As we read the information the appellant was accused of unlawfully taking property, worth in excess of $200 from the May Company. Such is sufficient under section 952, Penal Code. See also People v. Ashley, 42 Cal. 2d 246, 258 [267 P.2d 271]; People v. Corenevsky, 124 Cal. App. 2d 19, 23 [267 P.2d 1048].

[2] There is no necessity that appellant be an employee of the May Company before he can be convicted of theft from [174 Cal. App. 2d 242] that company. Section 487 Penal Code reads in part as follows:

"1. When the money, labor or real or personal property taken is of a value exceeding two hundred dollars ($200); provided, that when domestic fowls, avocados, citrus or deciduous fruits, nuts and artichokes are taken of a value exceeding fifty dollars ($50); provided, further, that where the money, labor, real or personal property is taken by a servant, agent or employee from his principal or employer and aggregates two hundred dollars ($200) or more in any 12 consecutive month period, then the same shall constitute grand theft."

The part having to do with servants, agents and employees was added in 1955, and we conclude that the Legislature did not intend to limit grand theft to servants, agents and employees, but rather the Legislature intended that when the conditions referred to in the section above quoted obtained, that the crime would be grand theft and not a series of petty thefts. The cases cited by the appellant are not convincing because, first they are from other jurisdictions which do not have the statute in question, and secondly, the one California case cited by appellant was determined in 1870 long before the 1927 and 1929 liberalizing amendments to Penal Code, sections 951 and 952.
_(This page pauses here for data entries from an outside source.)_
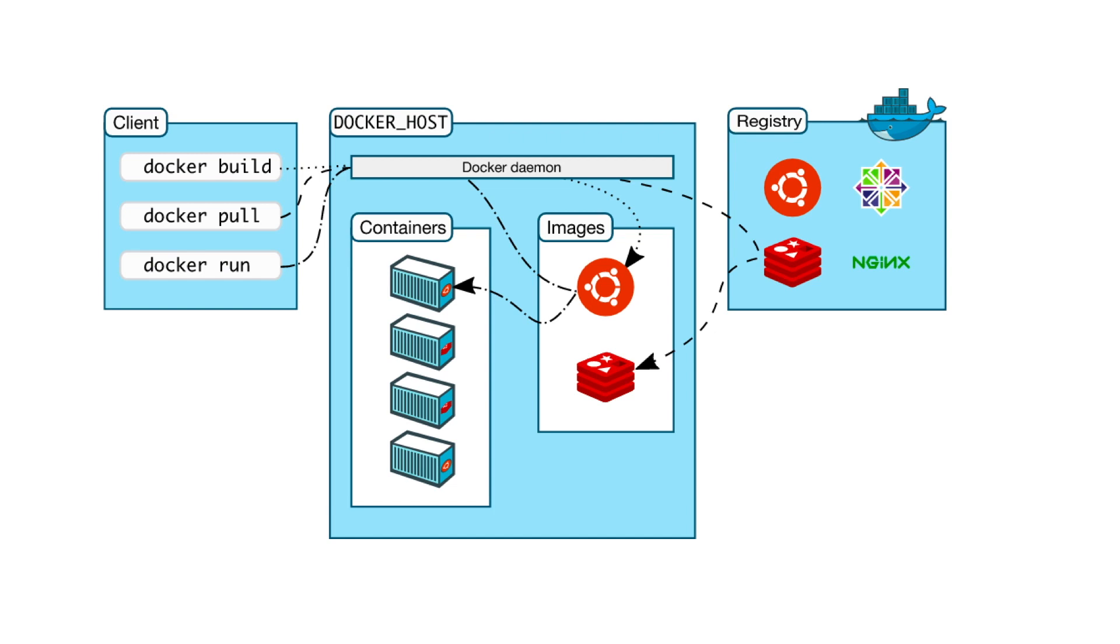Docker client is the primary way many Docker users interact with Docker. When you use commands such as docker run, the client sends these commands to Docker daemon, which carries them out.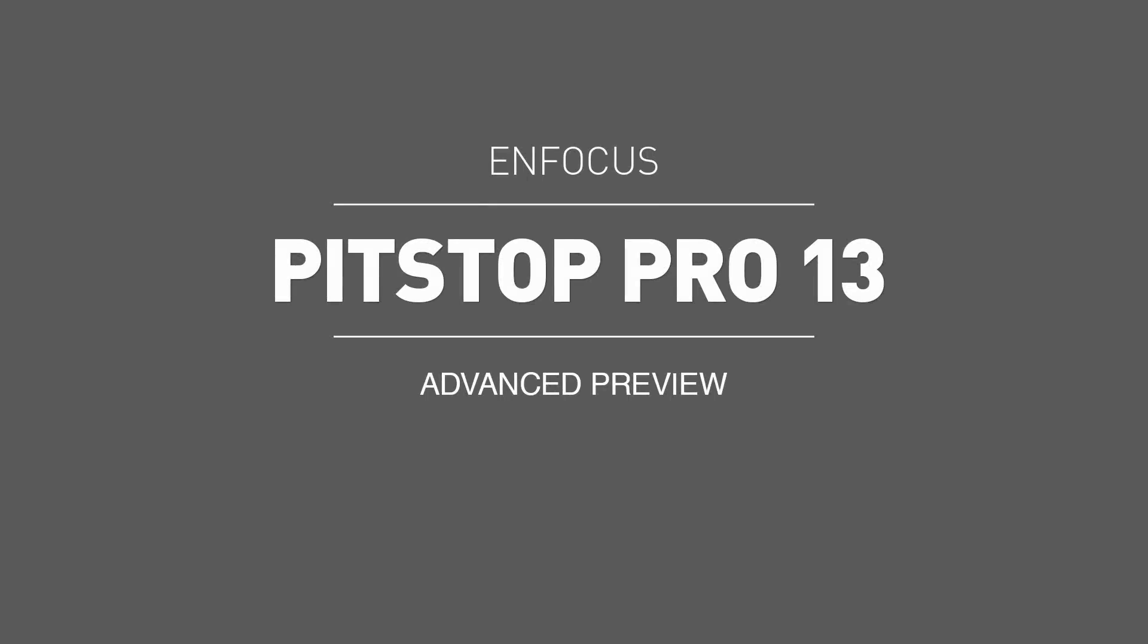Welcome to an advanced preview of PitStop 13, which will be released in April of 2015.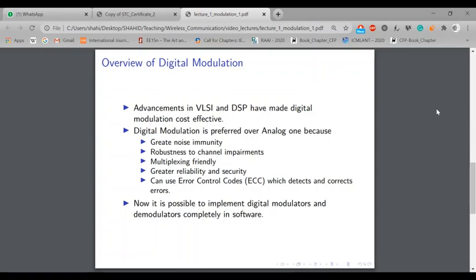As you know, another reason is noise immunity — digital modulation is robust against channel impairments. The concept of channel impairment will become clear when we study the fading concept later in this course.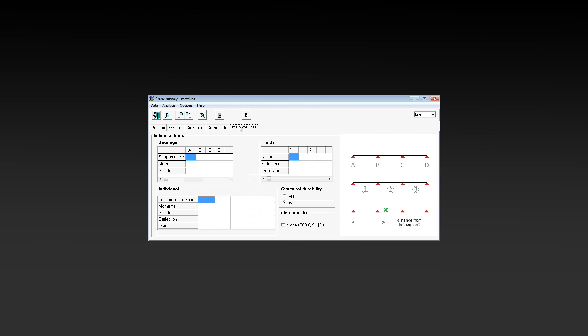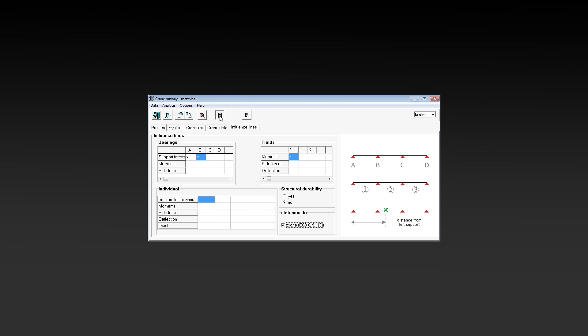On the last tab, we just have to define the points which should be calculated. We get our results after saving the system.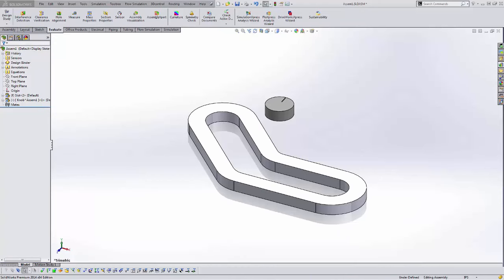Hey guys, Dane Potter with another great video from Go Engineer. Today I'm going to show you how to do a path mate in SOLIDWORKS.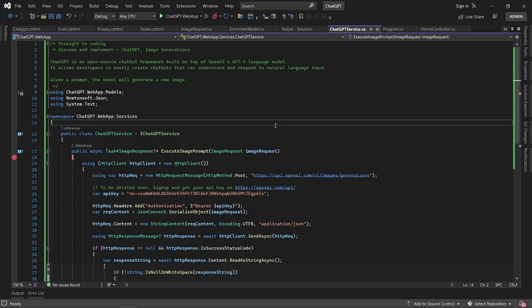Hello and welcome to Straight to Coding. Today we're going to discuss and implement the ChatGPT framework, specifically the image generation endpoints to generate images, to allow ChatGPT to generate images for us.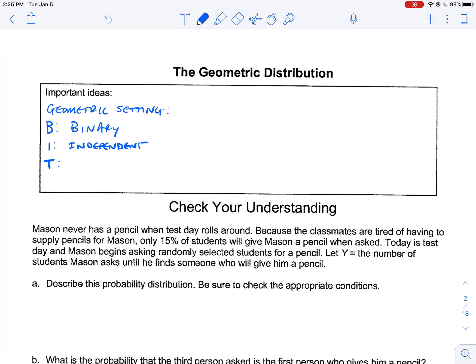The T is the trials until success. This is the true hallmark of the geometric distribution. We're going to have prompts that say: what is the probability that it takes at most three attempts for the first success? So we want to know how many trials until success. And S means same probability — the same probability of success for each of the subsequent trials.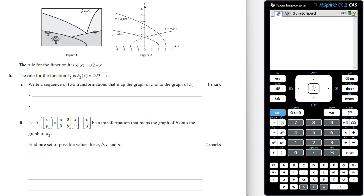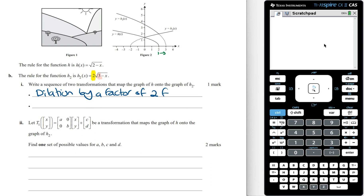The rule for the function h2 is h2(x) = 2 times the square root of 3 minus x. Write a sequence of two transformations that map the graph of h onto the graph of h2. To get h2(x), we need to dilate the function h by a factor of 2 from the x-axis, and also translate it one unit to the right. The sequence of two transformations is a dilation by a factor of 2 from the x-axis and a translation of one unit to the right.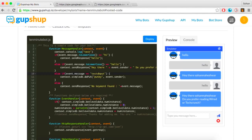Bot-level data is the global data for a bot across all messaging channels and users — it is accessible to the bot for all conversations with all users from different messaging channels. Room-level data corresponds to the user-level data for a conversation between a bot and a user on each messaging channel.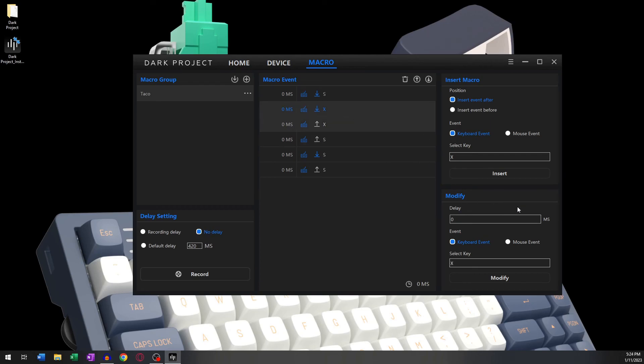Now you can change the delay as well as any keyboard or mouse event you wish to replace the pre-existing event with. To replace it, simply click Modify.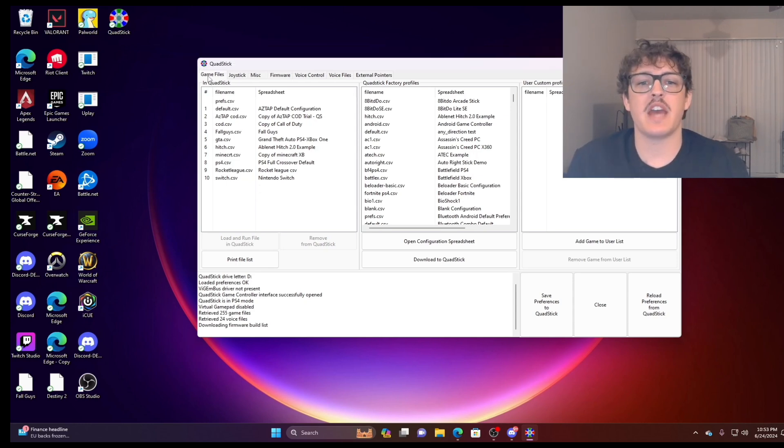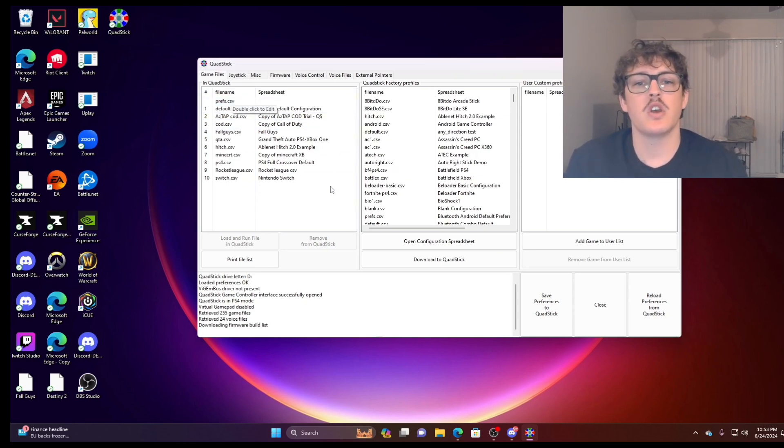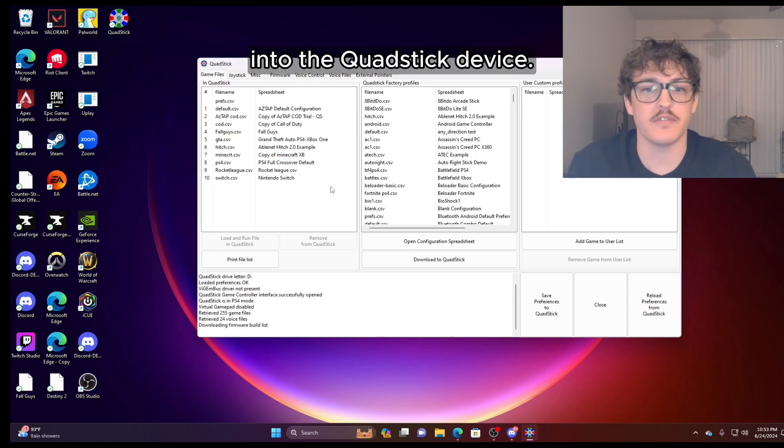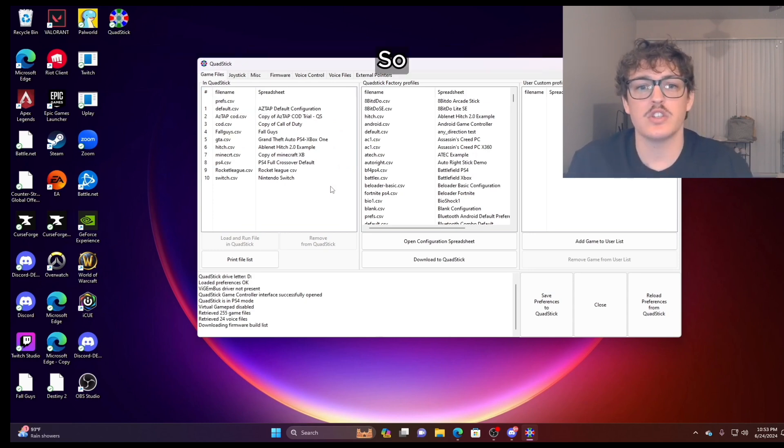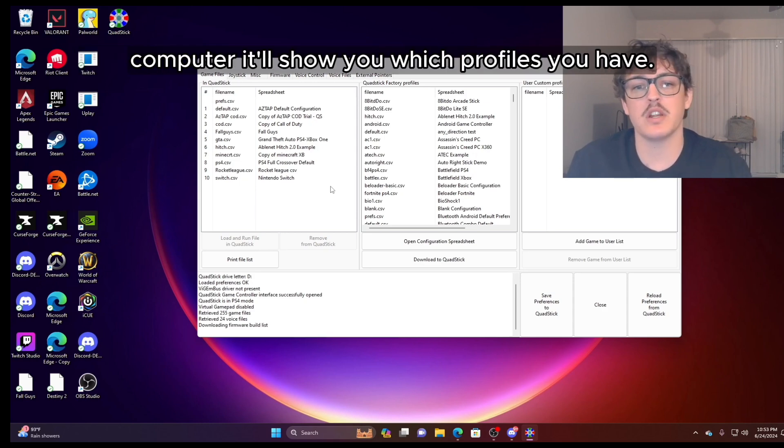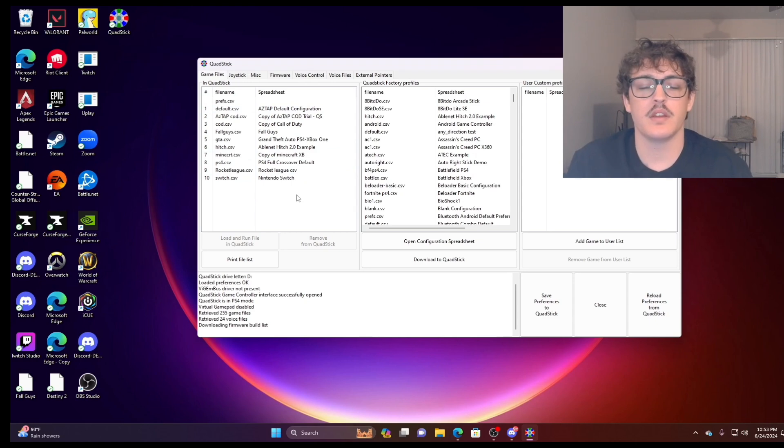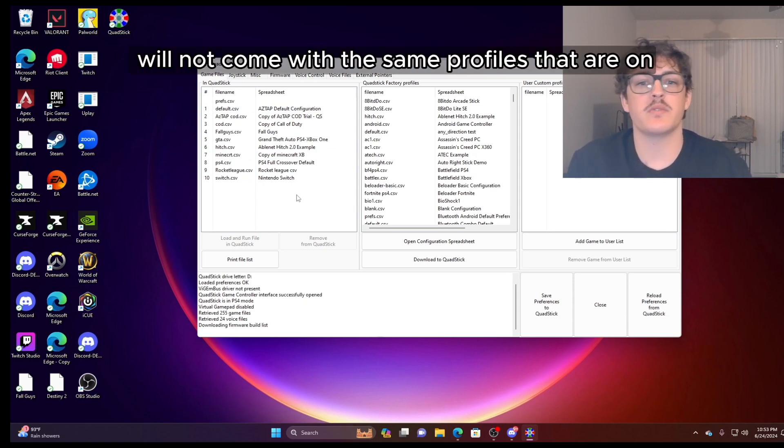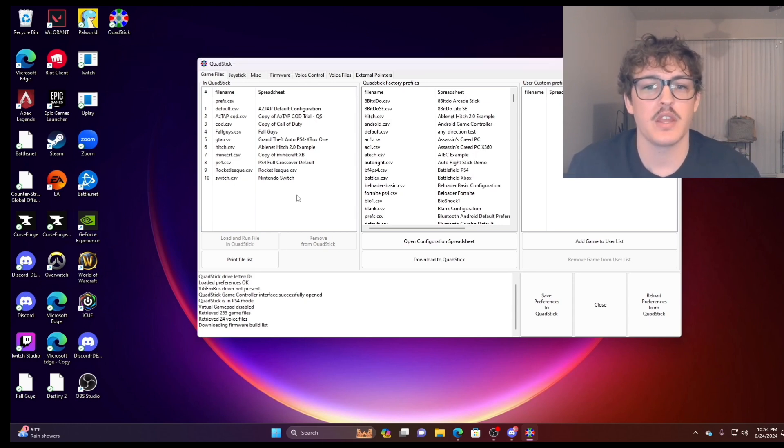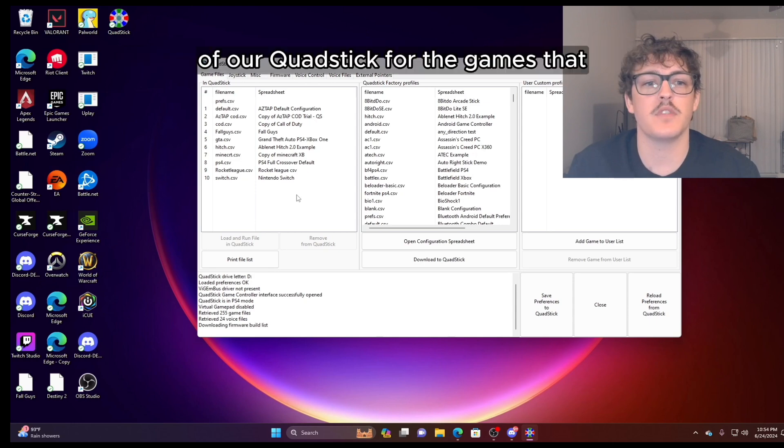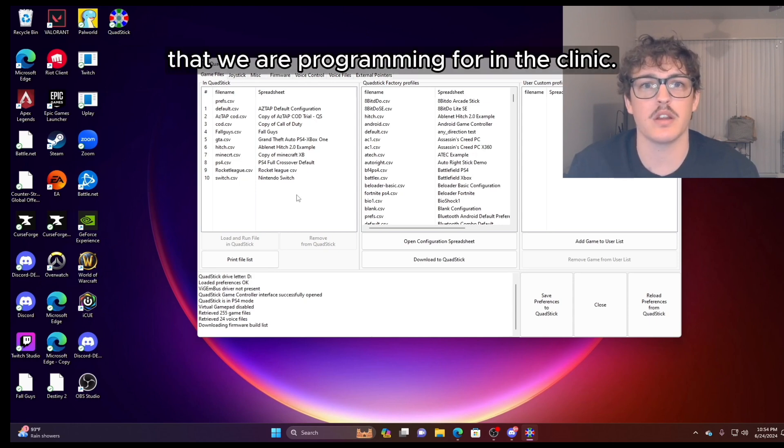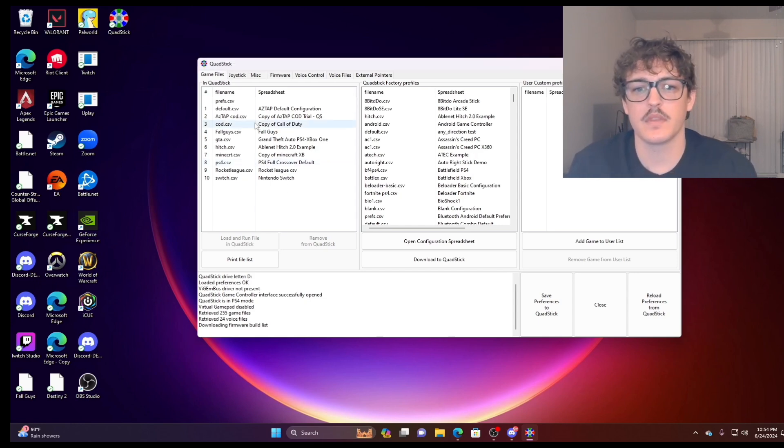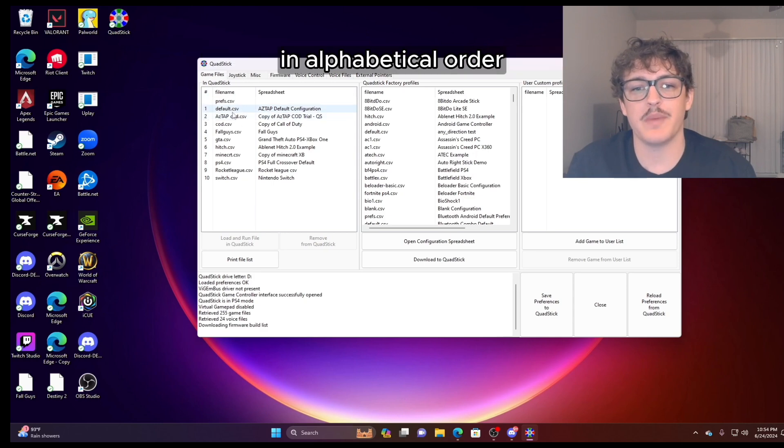In the game files tab, this is going to list all of your profiles or the controls for each different video game that you have coded into the QuadStick device. So when you connect the QuadStick device to your Windows computer, it'll show you which profiles you have. Now it is important to note that your QuadStick will not come with the same profiles that are on the QuadStick that I'm using here. We've been tweaking and modifying the controls of our QuadStick for the games that we're programming for in the clinic.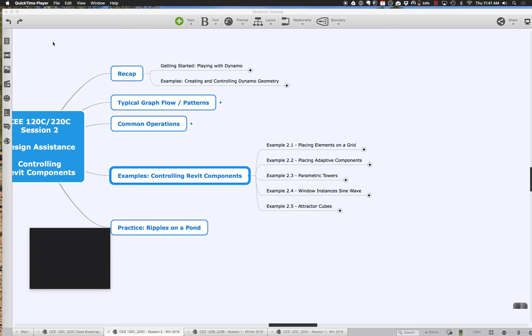Welcome back to the second half of session two. What we've been working on so far is just getting started placing some Revit elements and placing them on a grid. What we're going to do is keep on working on variations of that theme.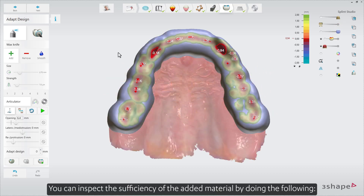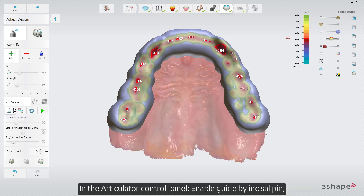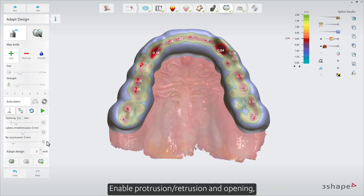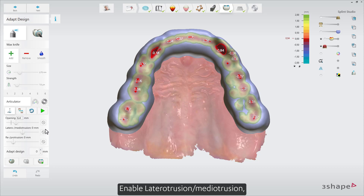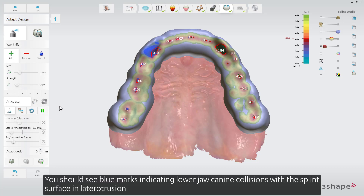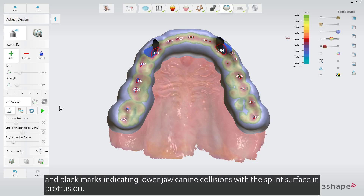You can inspect the sufficiency of the added material by doing the following. In the Articulator control panel, enable guide by incisal pin, enable protrusion, retrusion, and opening, enable lateral protrusion and mediotrusion, and run articulation. You should see blue marks indicating lower jaw canine collisions with the splint surface in lateral protrusion, and black marks indicating lower jaw canine collisions with the splint surface in protrusion.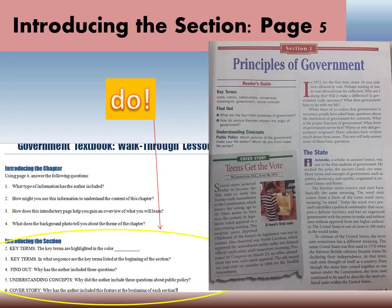Number five: why did the author include the 'Understanding Concepts' questions about public policy? The questions ask things like 'Which policies of the government make your life better, which do you think make life worse?' The emphasis on you should help you answer number five. These questions help readers begin to think about what they already know, and they let you link your own knowledge and experience to the section content. This makes the content more relevant to you so that you learn more from it because it applies to you.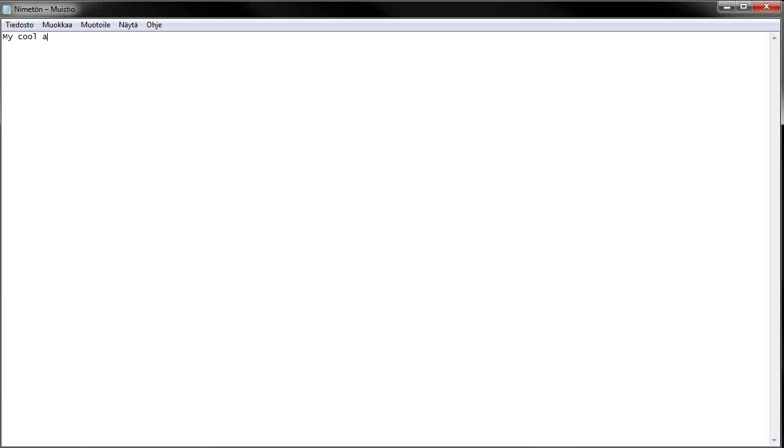So, the first thing you need to know when you start making a game is a solid and polished idea. What I want to do now is to make a little top-down questionnaire, which should help you to write down your own game ideas. So, my cool awesome game.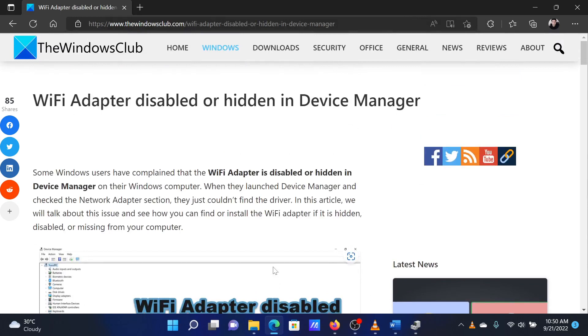If you have any doubts, please go to the original article on The Windows Club and write your question — we will surely answer it. Thank you for watching this video. Have a nice day.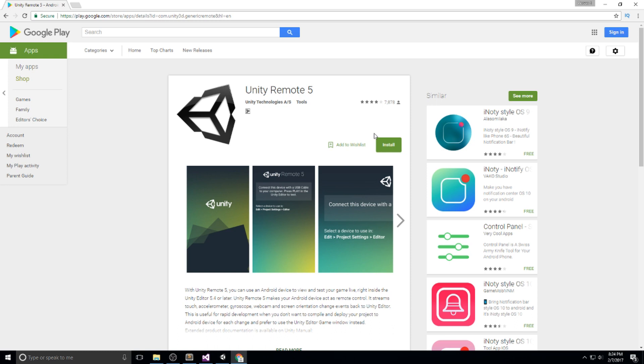Be really careful and pick out Unity Remote 5 if you're on version 5 of Unity, Unity Remote 4 if you're on version 4, and if we're further in the future with Unity 6, make sure you pick Unity Remote 6.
[3] In this case ample evidence was introduced before the appellant's admissions were received in evidence to demonstrate that there had been substantial thefts; namely of nine dozen shirts worth $214.92, other shirts worth $1,480, and 15 cartons of sheets and 29 cartons of Presto cookers were missing. The missing merchandise never reached the marking area and could not be found in the building. The codefendant employees of May Company, as heretofore indicated, had no authority to remove any merchandise from the premises of May Company. A reasonable inference can be drawn therefrom that the corpus delicti of grand theft had been established. (People v. Kross, 112 Cal. App. 2d 602, 609 [247 P.2d 44]; People v. Brooks, 154 Cal. App. 2d 631, 634 [316 P.2d 435].) [4] It is not necessary to establish the corpus delicti beyond a reasonable doubt and to a moral certainty. Slight or prima facie proof is all that is necessary. It can be shown by circumstances or by inferences drawn from the facts. (People v. Kaye, 43 Cal. App. 2d 802, 809-810 [111 P.2d 679].)

[5] As an appellate court, we are bound by the rule set forth in People v. Newland, 15 Cal. 2d 678, 681 [104 P.2d 778] to the effect that we must assume in favor of the judgment [174 Cal. App. 2d 243] the existence of every fact which reasonably could be deduced from the evidence.

The merchandise was stolen. The appellant admitted that he had taken shirts, sheets, furniture and cookers from the May Company dock.

The purported appeal from the nonexistent order denying a new trial is dismissed.

The judgment is affirmed.

Lillie, J., and Shea, J. pro tem., fn. * concurred.

FN *. Assigned by Chairman of Judicial Council.